▸ Exercise details: Start at the line in the entries below that contains "kontrolujących, obserwacyjnych, czy", stop at the line that contains "Dreaming Drinking Water", and output exactly the lines in that span, both ends included.

▸ Records for this exercise:
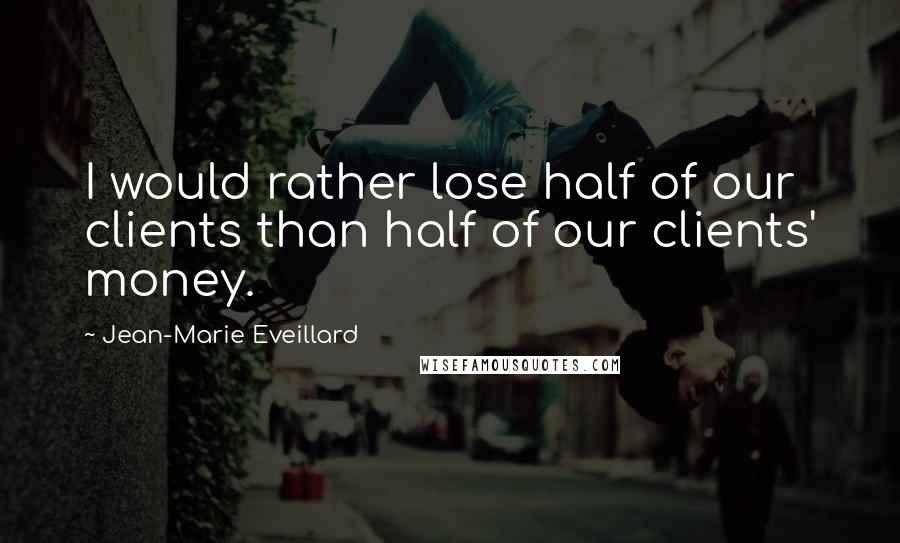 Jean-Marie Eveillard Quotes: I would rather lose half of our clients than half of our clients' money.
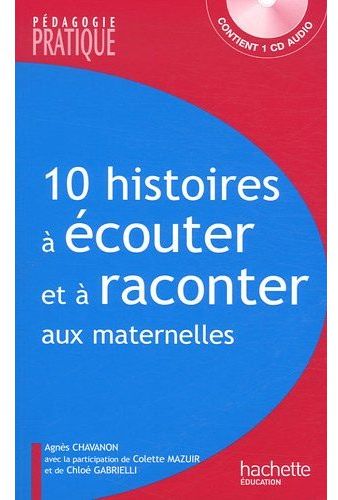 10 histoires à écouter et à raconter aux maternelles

--

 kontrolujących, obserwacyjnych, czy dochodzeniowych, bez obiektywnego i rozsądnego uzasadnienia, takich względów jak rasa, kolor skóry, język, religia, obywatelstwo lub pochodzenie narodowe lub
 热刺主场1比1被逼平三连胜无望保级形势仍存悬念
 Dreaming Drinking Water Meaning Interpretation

* * *

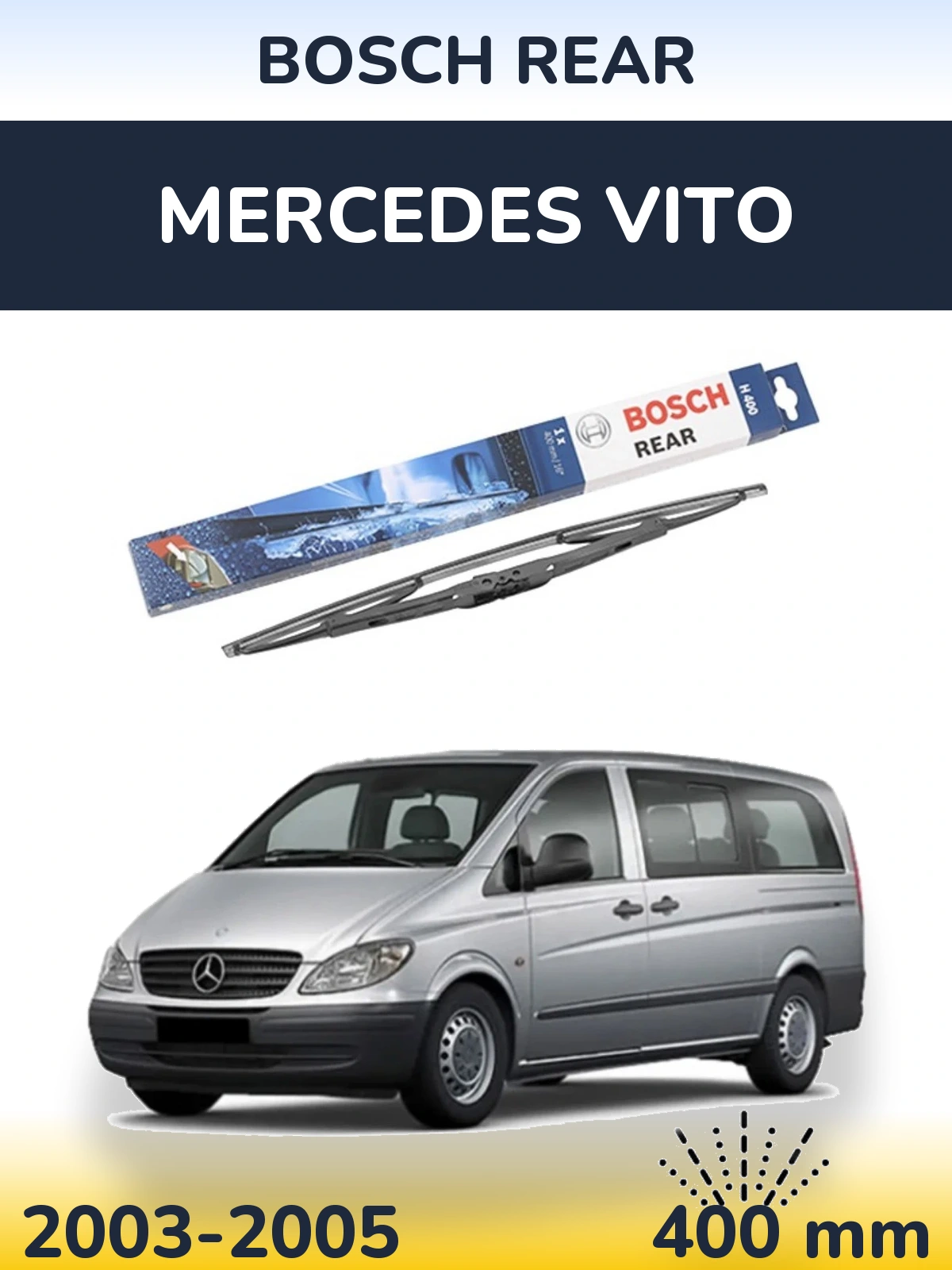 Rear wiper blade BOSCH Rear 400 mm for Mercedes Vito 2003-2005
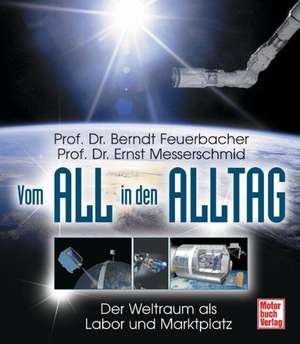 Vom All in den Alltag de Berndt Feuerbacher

▸ Reply:
 kontrolujących, obserwacyjnych, czy dochodzeniowych, bez obiektywnego i rozsądnego uzasadnienia, takich względów jak rasa, kolor skóry, język, religia, obywatelstwo lub pochodzenie narodowe lub
 热刺主场1比1被逼平三连胜无望保级形势仍存悬念
 Dreaming Drinking Water Meaning Interpretation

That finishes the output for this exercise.